United States District Court, Eastern District of Louisiana
Sep 26, 2023
Civil Action 23-2433 (E.D. La. Sep. 26, 2023)

Opinion

Civil Action 23-2433

09-26-2023

YOLANDA HAYES MCPHERSON v. OCHSNER HEALTH SYSTEM SKILLED NURSING FACILITY WEST CAMPUS, ET AL.


SECTION “T” (2)

REPORT AND RECOMMENDATION

DONNA PHILLIPS CURRAULT, UNITED STATES MAGISTRATE JUDGE

This matter is before the undersigned pursuant to Local Rule 73.2(C).

Before me is a Motion to Dismiss for Failure to State a Claim filed by Defendants Austin Reeder, Beth Himes, William Wright and Danielle Yenugenti (collectively, the “Individual Defendants). ECF No. 5. The Individual Defendants are some of the individuals named as defendants in paragraph II of Plaintiff's Complaint, all of whom are omitted from the caption. ECF No. 1-1. The motion was scheduled for submission on August 2, 2023. ECF No. 5-2. No party requested oral argument, and the Court agrees that oral argument is unnecessary.

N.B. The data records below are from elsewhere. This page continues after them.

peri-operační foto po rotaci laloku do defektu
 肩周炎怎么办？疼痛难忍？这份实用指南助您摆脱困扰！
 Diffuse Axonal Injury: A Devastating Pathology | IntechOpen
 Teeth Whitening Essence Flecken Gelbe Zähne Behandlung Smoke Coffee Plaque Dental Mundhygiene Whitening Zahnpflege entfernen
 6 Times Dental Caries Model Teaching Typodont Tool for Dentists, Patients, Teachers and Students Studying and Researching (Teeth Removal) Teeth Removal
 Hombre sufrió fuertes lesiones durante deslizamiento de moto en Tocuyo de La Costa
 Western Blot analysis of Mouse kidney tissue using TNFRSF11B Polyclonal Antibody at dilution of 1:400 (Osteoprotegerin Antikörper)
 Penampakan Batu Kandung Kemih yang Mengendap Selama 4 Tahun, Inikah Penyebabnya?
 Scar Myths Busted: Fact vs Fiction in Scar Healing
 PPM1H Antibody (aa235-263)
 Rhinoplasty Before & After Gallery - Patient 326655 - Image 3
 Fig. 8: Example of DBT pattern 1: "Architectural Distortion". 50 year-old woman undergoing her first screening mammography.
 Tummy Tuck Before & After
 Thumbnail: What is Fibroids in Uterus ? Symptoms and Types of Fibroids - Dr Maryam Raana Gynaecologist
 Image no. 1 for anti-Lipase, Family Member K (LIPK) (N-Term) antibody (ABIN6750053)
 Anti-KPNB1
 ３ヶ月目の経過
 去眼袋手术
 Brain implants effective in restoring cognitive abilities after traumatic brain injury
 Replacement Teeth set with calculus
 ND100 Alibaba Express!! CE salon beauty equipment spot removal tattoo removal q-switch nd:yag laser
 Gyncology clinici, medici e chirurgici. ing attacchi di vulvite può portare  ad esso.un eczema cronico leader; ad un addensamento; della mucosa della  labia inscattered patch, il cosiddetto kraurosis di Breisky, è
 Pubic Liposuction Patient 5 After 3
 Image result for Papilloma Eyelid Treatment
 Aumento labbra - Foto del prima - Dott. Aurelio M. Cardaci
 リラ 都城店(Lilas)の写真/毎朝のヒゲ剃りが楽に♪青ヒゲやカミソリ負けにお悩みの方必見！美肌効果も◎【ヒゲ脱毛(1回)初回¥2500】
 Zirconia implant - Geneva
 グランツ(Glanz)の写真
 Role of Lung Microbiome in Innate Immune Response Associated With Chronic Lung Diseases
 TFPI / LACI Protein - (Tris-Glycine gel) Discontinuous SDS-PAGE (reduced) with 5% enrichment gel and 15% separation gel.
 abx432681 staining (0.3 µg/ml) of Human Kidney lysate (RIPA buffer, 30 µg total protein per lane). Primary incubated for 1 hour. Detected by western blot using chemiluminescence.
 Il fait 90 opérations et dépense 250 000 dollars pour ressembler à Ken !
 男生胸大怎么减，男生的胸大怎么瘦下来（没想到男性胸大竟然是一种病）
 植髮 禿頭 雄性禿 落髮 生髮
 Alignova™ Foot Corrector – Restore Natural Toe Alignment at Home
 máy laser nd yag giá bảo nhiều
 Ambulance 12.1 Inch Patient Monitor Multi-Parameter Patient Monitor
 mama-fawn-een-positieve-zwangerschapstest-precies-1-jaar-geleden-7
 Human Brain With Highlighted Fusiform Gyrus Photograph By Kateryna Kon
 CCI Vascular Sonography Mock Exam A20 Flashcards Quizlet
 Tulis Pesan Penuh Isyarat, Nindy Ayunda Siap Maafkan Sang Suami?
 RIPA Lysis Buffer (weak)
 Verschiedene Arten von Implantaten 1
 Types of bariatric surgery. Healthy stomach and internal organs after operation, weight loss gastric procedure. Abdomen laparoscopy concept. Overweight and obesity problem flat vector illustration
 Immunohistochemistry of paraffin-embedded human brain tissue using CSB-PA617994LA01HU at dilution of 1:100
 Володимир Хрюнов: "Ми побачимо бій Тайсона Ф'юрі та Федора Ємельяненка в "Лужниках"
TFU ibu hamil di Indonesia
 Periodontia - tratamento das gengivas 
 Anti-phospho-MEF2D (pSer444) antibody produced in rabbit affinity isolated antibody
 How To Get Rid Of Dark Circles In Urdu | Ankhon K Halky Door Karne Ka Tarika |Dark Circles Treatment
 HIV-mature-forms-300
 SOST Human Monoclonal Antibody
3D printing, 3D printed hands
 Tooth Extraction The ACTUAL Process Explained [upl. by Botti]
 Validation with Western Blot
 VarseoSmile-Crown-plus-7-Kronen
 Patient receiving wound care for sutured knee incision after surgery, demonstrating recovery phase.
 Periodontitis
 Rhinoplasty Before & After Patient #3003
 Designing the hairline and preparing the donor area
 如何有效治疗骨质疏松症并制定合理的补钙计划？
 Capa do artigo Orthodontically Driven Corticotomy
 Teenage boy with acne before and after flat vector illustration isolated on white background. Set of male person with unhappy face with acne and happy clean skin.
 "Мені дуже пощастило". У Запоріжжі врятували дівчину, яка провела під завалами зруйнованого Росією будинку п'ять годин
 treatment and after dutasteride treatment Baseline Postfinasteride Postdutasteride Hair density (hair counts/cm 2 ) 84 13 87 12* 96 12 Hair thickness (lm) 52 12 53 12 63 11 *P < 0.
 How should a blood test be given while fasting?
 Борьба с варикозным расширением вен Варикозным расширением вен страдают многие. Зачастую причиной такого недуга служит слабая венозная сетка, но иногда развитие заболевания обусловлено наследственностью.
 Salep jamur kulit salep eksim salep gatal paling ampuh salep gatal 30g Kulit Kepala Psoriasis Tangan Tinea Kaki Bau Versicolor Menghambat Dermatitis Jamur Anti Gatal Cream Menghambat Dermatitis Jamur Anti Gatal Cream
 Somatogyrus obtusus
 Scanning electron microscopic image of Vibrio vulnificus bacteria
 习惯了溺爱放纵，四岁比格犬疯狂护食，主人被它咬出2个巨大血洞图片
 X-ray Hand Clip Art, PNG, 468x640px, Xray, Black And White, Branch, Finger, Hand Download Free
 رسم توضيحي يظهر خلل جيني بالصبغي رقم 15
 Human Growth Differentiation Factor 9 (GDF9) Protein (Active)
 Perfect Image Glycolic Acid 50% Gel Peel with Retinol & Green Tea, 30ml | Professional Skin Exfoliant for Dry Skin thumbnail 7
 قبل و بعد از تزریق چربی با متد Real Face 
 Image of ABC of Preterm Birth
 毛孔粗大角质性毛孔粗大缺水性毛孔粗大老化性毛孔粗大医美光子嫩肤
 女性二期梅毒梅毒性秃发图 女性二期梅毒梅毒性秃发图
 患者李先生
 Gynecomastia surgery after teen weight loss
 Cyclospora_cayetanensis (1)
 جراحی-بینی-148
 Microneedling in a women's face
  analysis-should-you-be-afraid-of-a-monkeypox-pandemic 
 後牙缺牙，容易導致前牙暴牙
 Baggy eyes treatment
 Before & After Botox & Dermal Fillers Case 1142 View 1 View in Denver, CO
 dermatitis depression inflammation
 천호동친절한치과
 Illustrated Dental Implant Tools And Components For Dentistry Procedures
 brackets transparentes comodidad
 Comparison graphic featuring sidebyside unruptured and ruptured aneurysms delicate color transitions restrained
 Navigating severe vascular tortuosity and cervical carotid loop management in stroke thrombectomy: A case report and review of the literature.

Plaintiff Yolanda Hayes McPherson failed to file an Opposition Memorandum in response to the motion by the applicable deadlines set forth by Local Rule 7.5 (e.g., July 25, 2023). The motion to dismiss is not only unopposed, but for the most part has merit. Accordingly, considering the record, the submission and arguments of counsel, and the applicable law, IT IS RECOMMENDED that the Defendants' motion be GRANTED; however, IT IS FURTHER RECOMMENDED that Plaintiff be allowed 21 days within which to file an Amended Complaint with regard to the asserted claim of race discrimination for the reasons stated herein.

I. BACKGROUND

Plaintiff, a 54-year old African American, is proceeding pro se in this employment discrimination proceeding. ECF No. 1-1 ¶ XVII. According to the state court petition removed to this court, Plaintiff worked as an RN-Supervisor Operations Coordinator at Ochsner's Skilled Nursing Facility-West Campus from November 16, 2020 through January 9, 2023. Id. 1-1 ¶ III. Plaintiff contends that she was treated differently, unfairly disciplined, and not promoted based on her age and race, in violation of Title VII of the Civil Rights Act, 42 U.S.C. § 2000e, and the Age Discrimination in Employment Act (“ADEA”), 29 U.S.C. § 623. Id. ¶¶ IV-XVII, XX. She also contends that she was terminated in retaliation for filing an EEOC charge. Id. ¶¶ XVII, XX.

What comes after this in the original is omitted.